Celui-ci utilise tous les moyens en sa possession, notamment la radio et le magazine qu’il a créés. Ses arguments sont d’une telle violence que l’on peut légitimement s’interroger sur les motivations réelles qui sont les siennes. Il refuse même d’envisager toute autre option que la voie routière.
JOL Press : Il y a d’autres solutions de transport, lesquelles ?
Rebecca Spooner, Survival International : Une liaison ferroviaire aurait un impact assez comparable à celui de la route. Une liaison par la rivière serait un peu plus satisfaisante, mais encore très aléatoire.
L’idéal serait très sûrement de garantir des relations aériennes régulières à des prix plus abordables.
JOL Press : Mais, comment peut-on être sûrs qu’il y a bien des tribus isolées dans la zone traversée ?

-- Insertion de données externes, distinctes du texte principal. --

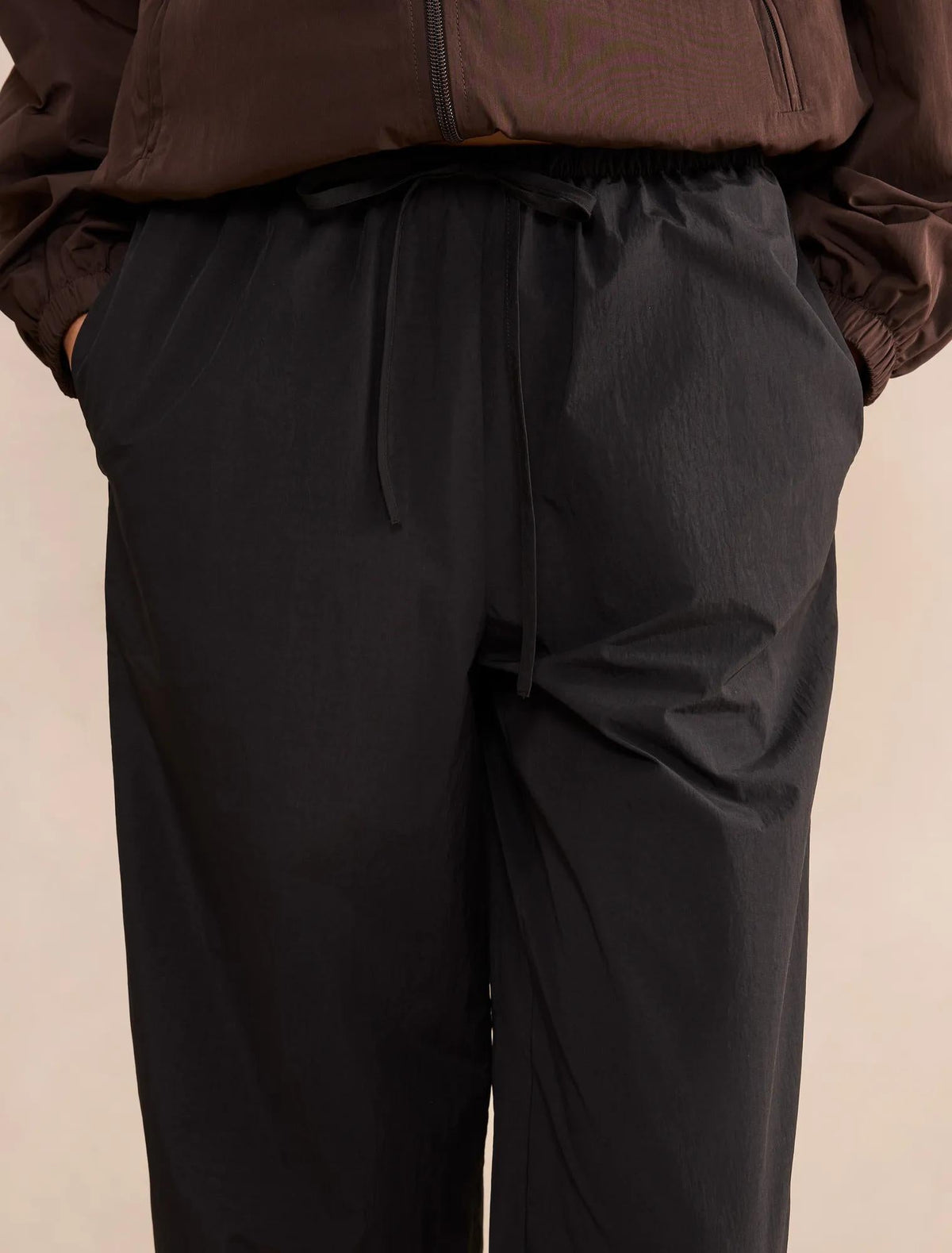 Billie Lastikli Bel Geniş Paça Pantolon Siyah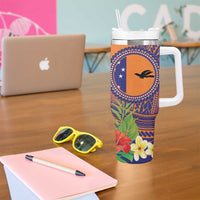 PNG New Ireland Province Tumbler With Handle Niu Ailan Necklace Polynesian Tattoo - Polynesian Pride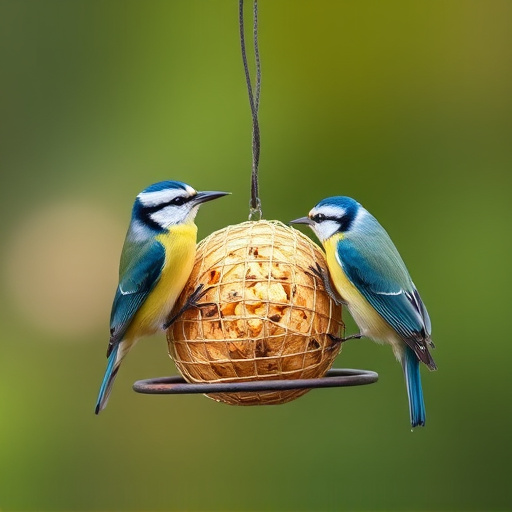 Mesh fat ball feeder with blue tits
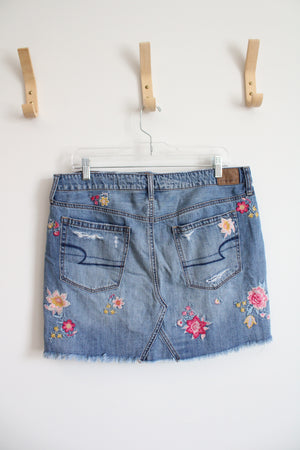 American Eagle Embroidered Colorful Floral Mini Denim Skirt | 14
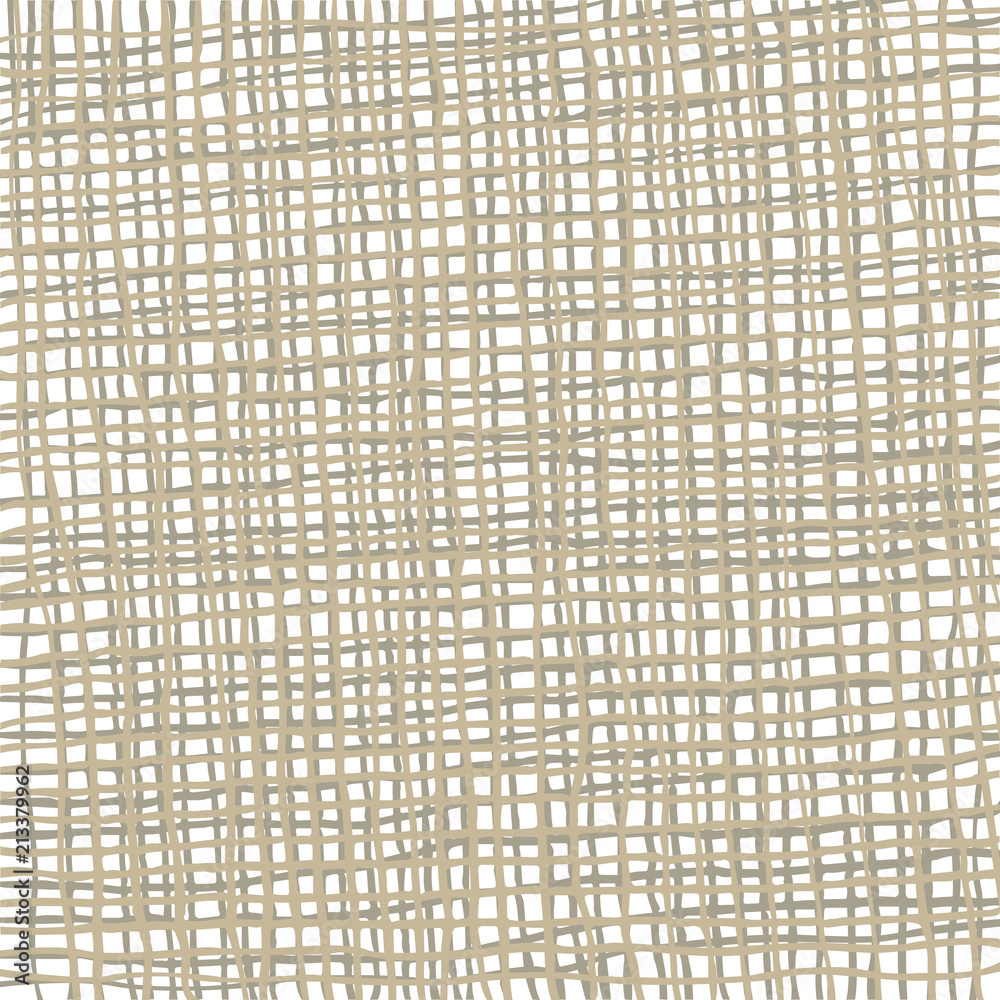 Burlap texture. Hand drawn light fabric texture. Vector illustration.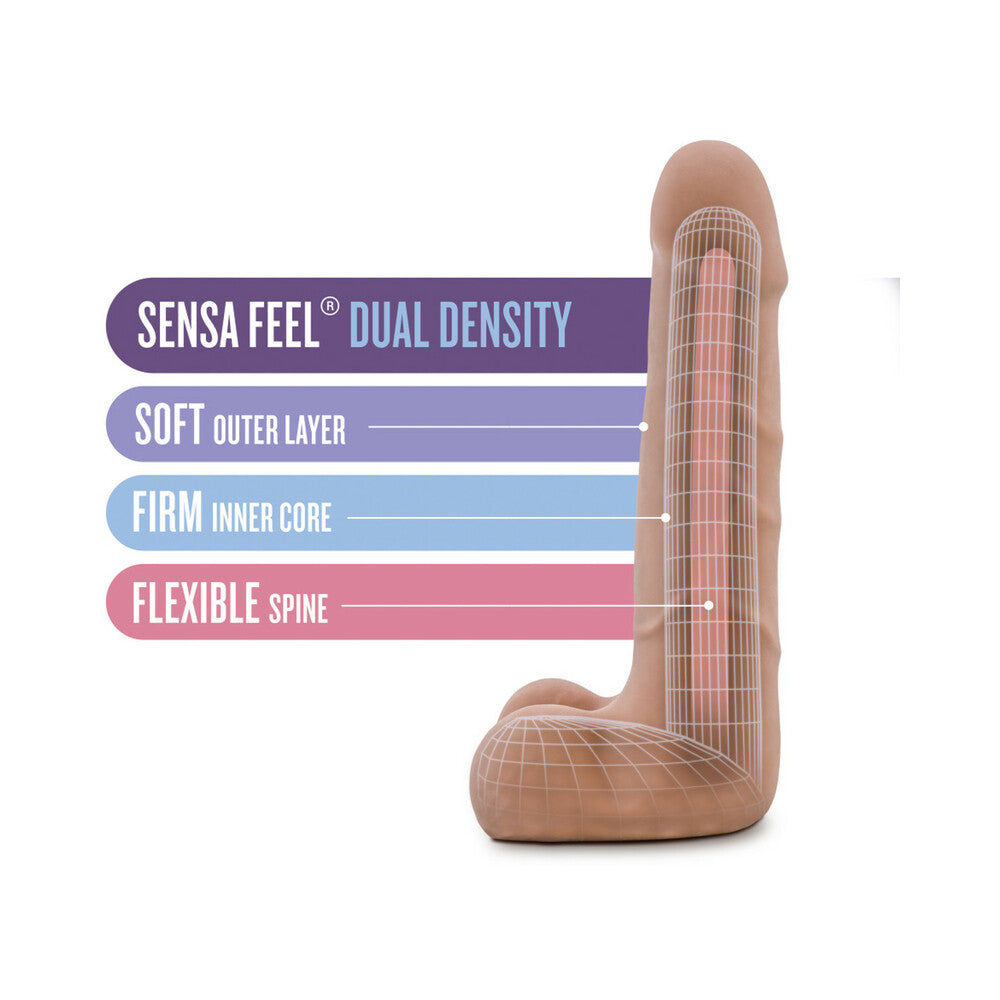 AU NATUREL SUAVE 7 IN. POSABLE DUAL DENSITY DILDO WITH BALLS TAN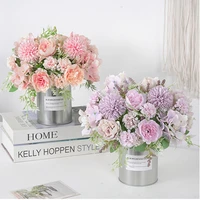 1 bouquet 9 heads artificial flowers peony fake flowers hydrangea crafts for diy home bridal wedding party festiva decoration
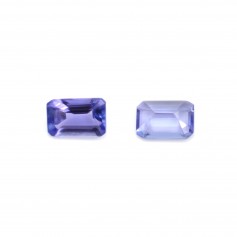 Tanzanite set, emerald cut 4x6mm x 1pc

Rebecca Spooner, Survival International : Personne ne conteste – pas même les partisans de la « route de la mort » – la présence de tribus isolées. Ces populations ne connaissent évidemment pas nos frontières administratives et circulent librement entre le Brésil et le Pérou. De nouvelles traces ont été trouvées de présences humaines précisément sur le trajet de la route.
JOL Press : N’est-ce pas extraordinaire qu’il puisse encore y avoir des tribus isolées en ce début de XXIème siècle ?
Rebecca Spooner, Survival International : Oui, absolument. Souvent, ces tribus ont eu des contacts avec d’autres êtres humains et avec la civilisation, notamment au moment du boom du caoutchouc (NDLR – entre 1879 et 1912). Mais, par la tradition orale, elles ont conservé le souvenir des atrocités de cette période – esclavage, massacres – et ont décidé, de génération en génération, d’éviter de retrouver en contact avec nos civilisations modernes.
Ceci, nous exploitons désormais tellement la forêt amazonienne que des contacts involontaires sont possibles.
JOL Press : Mais, les membres de ces tribus sont donc conscients de l’existence de la dite civilisation ?
Rebecca Spooner, Survival International : Pas forcément. En effet, si le souvenir du danger demeure, la réalité, les manifestations du danger ont été transformées.
JOL Press : Ne serait-il pas possible – au risque de paraître quelque peu idéaliste – de leur apporter le « meilleur » de notre modernité sans pour autant les mettre en danger ?
Rebecca Spooner, Survival International : Il est certain que si des contacts devaient être établis, il serait possible de veiller à ce qu’ils soient le plus inoffensifs possible – notamment, par l’envoi d’équipes médicales pour éviter la contamination de leurs organismes immuno-déficients au regard des standards contemporains.
Mais, s’ils choisissent de ne pas entrer en contact avec nous, c’est leur droit. Nous devons, avant tout, respecter leurs droits, droits de l’Homme à part entière.